*SOURCE MATERIAL*.

┄┄┄┄┄┄

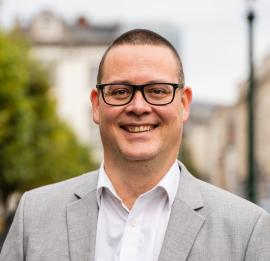 Raoul Hedebouw loopt op straat naast het Warandepark. Raoul lacht en kijkt richting de camera. Hij draagt een grijze blazer en een wit hemd.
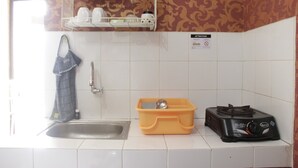A kitchen with a sink, a dish rack, a gas stove, and a storage bin. - Minimalist 2BR Apartment at Gateway Ahmad Yani Cicadas (Bandung)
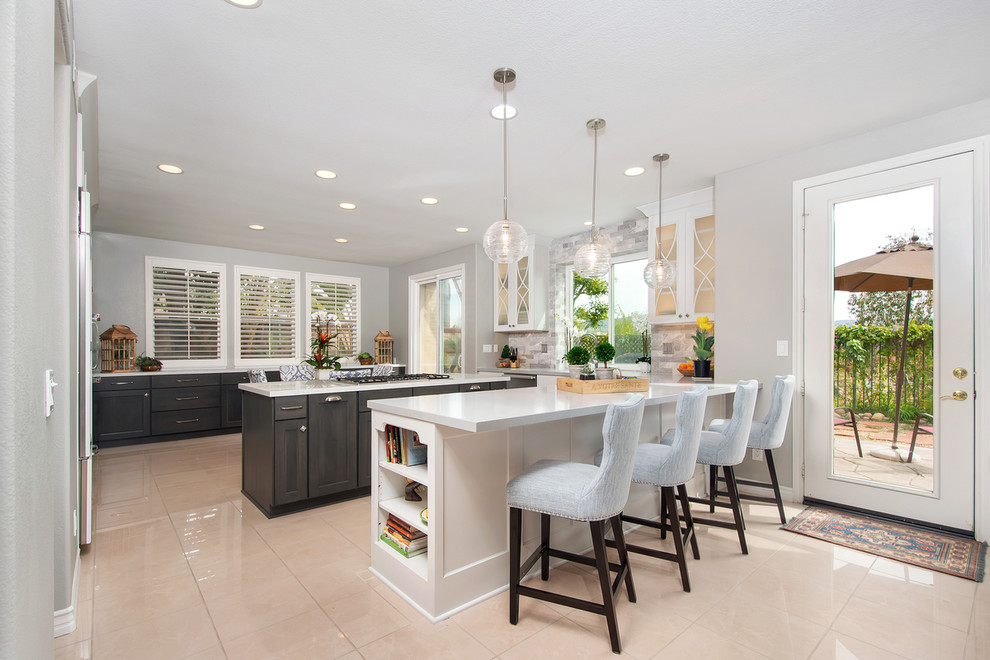 Inspiration for a large timeless u-shaped porcelain tile and beige floor open concept kitchen remodel in San Diego with an undermount sink, shaker cabinets, white cabinets, quartz countertops, gray backsplash, marble backsplash, paneled appliances, an island and gray countertops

┄┄┄┄┄┄

*EXERCISE BRIEF*.
Would you transcribe the listing above line by line, exactly, leaving every picture out?

*TASK RESPONSE*.
 Raoul Hedebouw loopt op straat naast het Warandepark. Raoul lacht en kijkt richting de camera. Hij draagt een grijze blazer en een wit hemd.
A kitchen with a sink, a dish rack, a gas stove, and a storage bin. - Minimalist 2BR Apartment at Gateway Ahmad Yani Cicadas (Bandung)
 Inspiration for a large timeless u-shaped porcelain tile and beige floor open concept kitchen remodel in San Diego with an undermount sink, shaker cabinets, white cabinets, quartz countertops, gray backsplash, marble backsplash, paneled appliances, an island and gray countertops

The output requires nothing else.